Le Kon-Tiki de 2012, un sympathique film norvégien aux allures de biopic hollywoodien, même s'il n'arborait pas les tares, raccourcis et autres facilités du genre, ne permettait en rien de saisir la véritable étendue de la mission, la fameuse "expédition du Kon-Tiki". Ou comment, en 1947, le biologiste Thor Heyerdahl, suite au scepticisme de ses pairs au sujet d'une théorie qu'il publia dans une revue scientifique, mis au point l'expérience qui permis de démontrer la validité de son hypothèse. Et en l'occurrence, il ne s'agissait pas d'une petite manip circonscrite au cadre d'un laboratoire de recherche, mais tout simplement de la traversée de l'Océan Pacifique à bord d'un radeau.

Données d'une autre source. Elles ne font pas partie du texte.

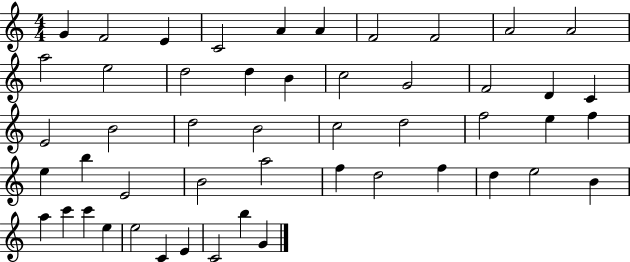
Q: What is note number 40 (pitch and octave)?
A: B4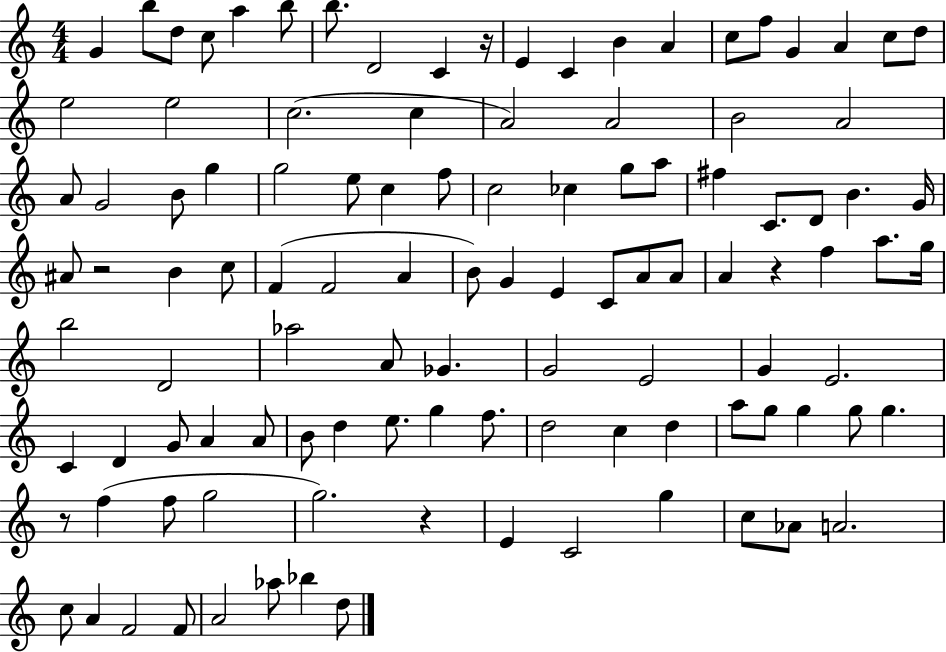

Heyerdahl souhaitait prouver que le peuplement originel de l'archipel polynésien avait pu se faire à partir du continent sud-américain, bien avant l'arrivée de Christophe Colomb au 15ème siècle, dans ses imposantes caraques et ses solides caravelles. Lorsqu'il soumit cette théorie à l'époque, un anthropologue américain, Herbert Spinden, lui répondit avec un certain dédain “Sure, see how far you get yourself sailing from Peru to the South Pacific on a balsa raft!”. Loin de se dégonfler, il prit cette semi-injonction au pied de la lettre. Avec cinq compagnons de galère également dotés d'une fougue considérable, il construisit un radeau avec pour objectif le ralliement d'une île quelconque de la Polynésie depuis Callao, au Pérou. Mais pas n'importe quel radeau : un qui serait construit dans les règles de l'art, en respectant les traditions de l'époque en question, à base de bois de balsa et de cordes uniquement, sans aucun rivet, sans le moindre clou. Sans rien savoir des chances de succès d'un tel périple, basé sur une hypothèse reposant sur la simple observation de similarités entre des sculptures trouvées dans des îles au Sud de la Polynésie et des reliques de civilisations éteintes découvertes en Amérique du Sud (le nom du film et du radeau, Kon-Tiki, provient de l'ancien dieu du soleil inca), l'embarcation était lancée pour un voyage qui allait durer 101 jours sur plus de 8000 kilomètres.

Nul besoin de romancer une telle histoire pour produire du divertissement : une simple caméra embarquée par les cinéastes amateurs à bord de leur radeau suffit à produire son lot d'émerveillements.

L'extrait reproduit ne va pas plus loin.